This is incredibly scummy. Not just for the obvious reason, but also because this is a business to business deal that developers have little room to avoid. It essentially encourages per-install charges for users, or at least limits on how many times you can install the software - which is completely unreasonable, they should only ever limit concurrent installations. If I want to upgrade to a new computer I should be able to move all my software over to it.
Unity going the way of Reddit
Man I was just getting into game development and learning Unity.
I guess it's time to pivot into Unreal or Godot or something.
Anybody have recommendations?
Unreal has similar business model, so Godot.

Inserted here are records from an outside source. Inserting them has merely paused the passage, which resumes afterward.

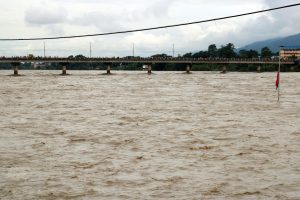 नारायणीमा पानीकाे सतह बढेपछि गैँडाकोट २ का ५० परिवार घर बाहिर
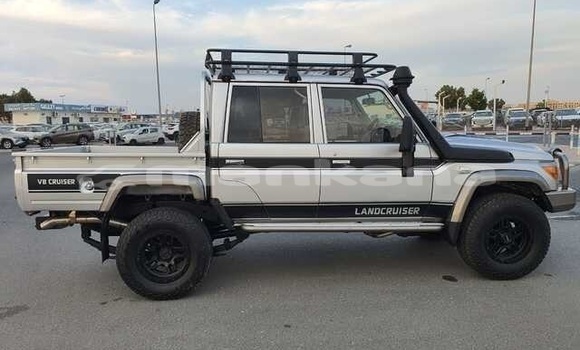 Buy Used Toyota Land Cruiser Silver Car in Tkibuli in Imereti Buy Used Toyota Land Cruiser Silver Car in Tkibuli in Imereti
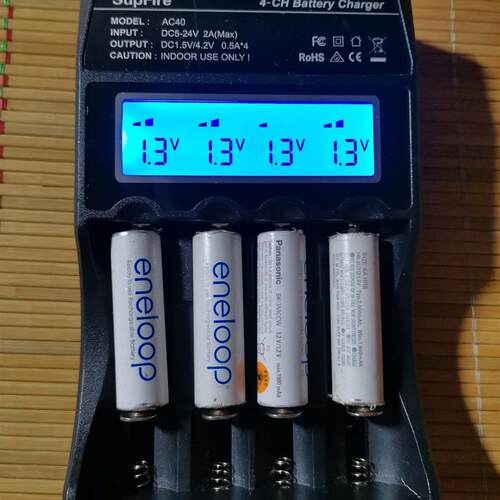议价 神火AC40充电器,成色不错,功能正常,可以充5号7号镍氢等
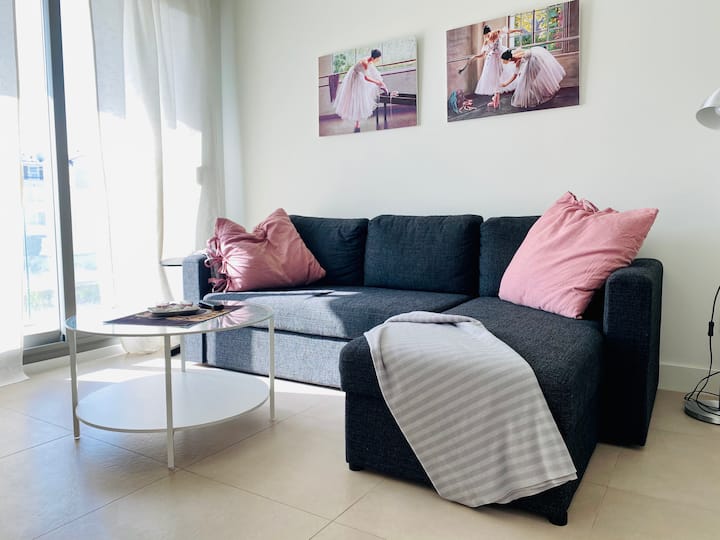 Გასაშლელი დივანი მისაღებ ოთახში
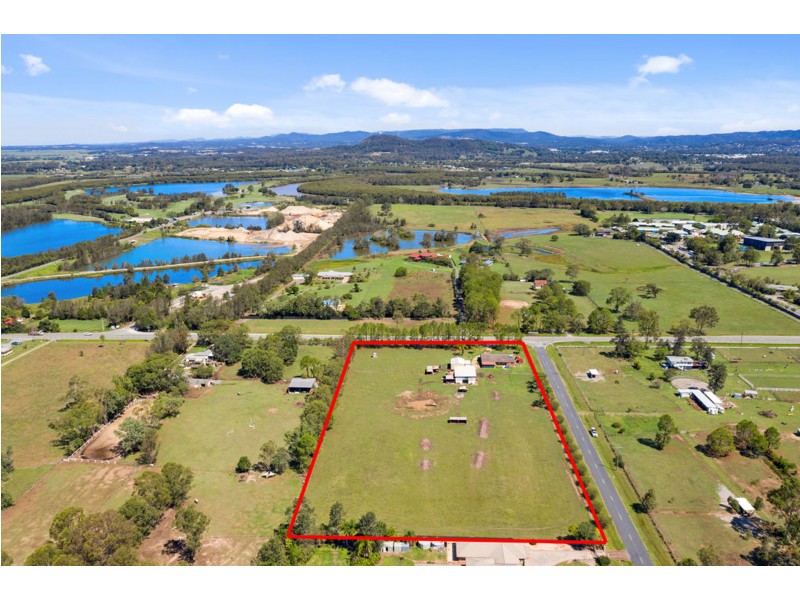 572 Beenleigh Redland Bay Road, Carbrook QLD 4130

Godot, definitely. Or GDevelop, if you want an experience akin to Construct3 and an end product that's entirely javascript+html, but with a FOSS alternative
Wow that is such a bad idea... I... I'm honestly speechless. Who thought if that? I mean...
So this will apply to games that have already been distributed on stores as well? How the fuck is such a change in the terms even legal?
I guess this will mostly impact F2P mobile devs since they will lose most money from installs. The good news is that Godot is more than capable for those types of games.
Common proprietary L
That's pretty awesome of them to do such a great Godot advertisement
Well this is bullshit but is there anything I as a non-developer can do about it?
is there anything I as a non-developer can do about it?
Choose to play games written in Godot instead.
So... If the Unity's secret spyware and algorithm suddenly decides to count an update as a new installation, you suddenly get slapped with a huge bill. Especially if you release multiple small patches and your whole player base is counted multiple times.
Welp, guess it's time to uninstall Unity
Switch to Godot or FTEQW, screw Unity.
I can't decide if they'll get away with this or if they're committing corporate suicide.
Yeah, this will insure I never use Unity. But at least they can collect from their existing games.
For Unity Personal and Unity Plus users, the thresholds are $200,000 in revenue a year and 200,000 lifetime installs.
The fees also vary, with Unity Personal developers having to pay the most for every install above the threshold ($0.20)
So, if you get 200k lifetime installs but don't get the 200k revenue a year, you don't have to pay it?
Existing games built on Unity will also be hit with Runtime Fees if they meet the thresholds starting January 1.
OOOHOOOOO BOY, now, that's going to hurt a fair amount of people!
Also, what about web play? I guess that'll only count towards revenue, but not towards downloads?
If their licencing agreement permits retroactive changes like this, that is reason enough to gtfo
I sure feel glad to never have gotten into developing with it. When I saw that a blank project generated a ~231MB executable back in 4.1 or so, I simply ditched it.
Licenses that allow retroactive changes are terrible for the end user, fuck up the company's image and might give a significant boost to competition. Hasbro trying to pull that shit with DnD earlier this year comes to mind.
Wanna bet he secretly has a bunch of Epic Games stock?